The EBRD, in 2009, conducted an assessment of the Czech Republic’s insolvency settlement system, based on this new Insolvency Act as part of the EBRD Insolvency Law Assessment Project 2009. In contrast to previous evaluations, the 2009 EBRD assessment deemed the Czech Republic as “highly compliant” with current international standards developed by a number of international organizations, including the World Bank. The assessment noted that many improvements have been made, especially in the areas of assets of the estate, creditor rights, and reorganization. Provisions surrounding the avoidance of pre-bankruptcy transactions in particular, were noted to be markedly strong. Possible further improvements in the Czech insolvency framework were highlighted in the areas of stays on creditors, reorganization, and the liquidation process. It is worth noting however, that the EBRD assessment is based solely on the content of the insolvency law. It has not evaluated or assessed the effectiveness or practical operation and application of those laws, nor has it evaluated institutional capacity to apply the law.
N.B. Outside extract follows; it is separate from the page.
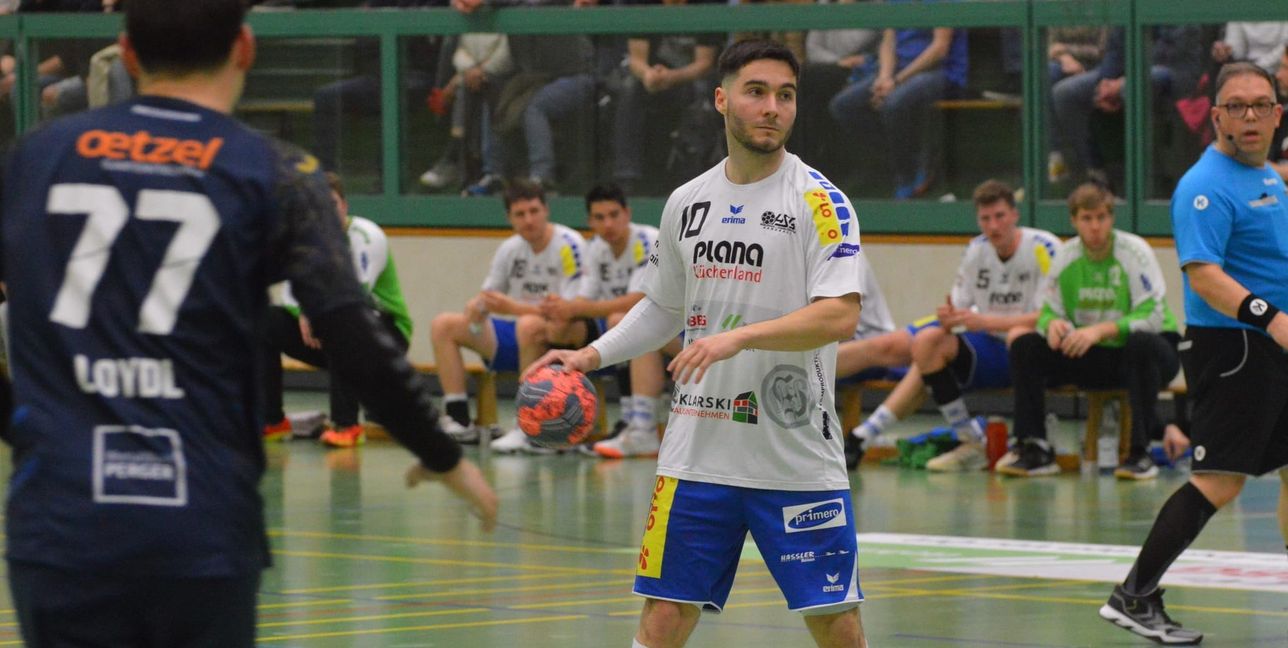 Was auch immer Frederik Todt und seine Mitspieler zum Saisonauftakt in Bönnigheim versuchten, es reichte nicht, um Zählbares mit nach Hause zu nehmen.Bild: Zvizdiç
The 2010 "Doing Business” guide published in 2009 by the International Bank for Reconstruction and Development and the World Bank, looks at the insolvency regimes of 183 countries, among other issues, and evaluates their bankruptcy procedures. These procedures are evaluated across three dimensions: efficiency (measured in time required for completion of the process), cost (measured as a percentage of the debtor's estate), and recovery by creditors (expressed in cents on the dollar). The data is also compared to the averages achieved by the member states of the Organisation for Economic Co-operation and Development (OECD). In the Czech Republic, it takes an average of 6.5 years, nearly four times the average for member states of the Organization for Economic Cooperation and Development (OECD), which averages 1.7 years. The cost of proceedings averages 15 percent, whereas the OECD average is 8.4 percent. Recovery rates are low, averaging 20.9 cents on the dollar in the Czech Republic, while the OECD average is 68.6.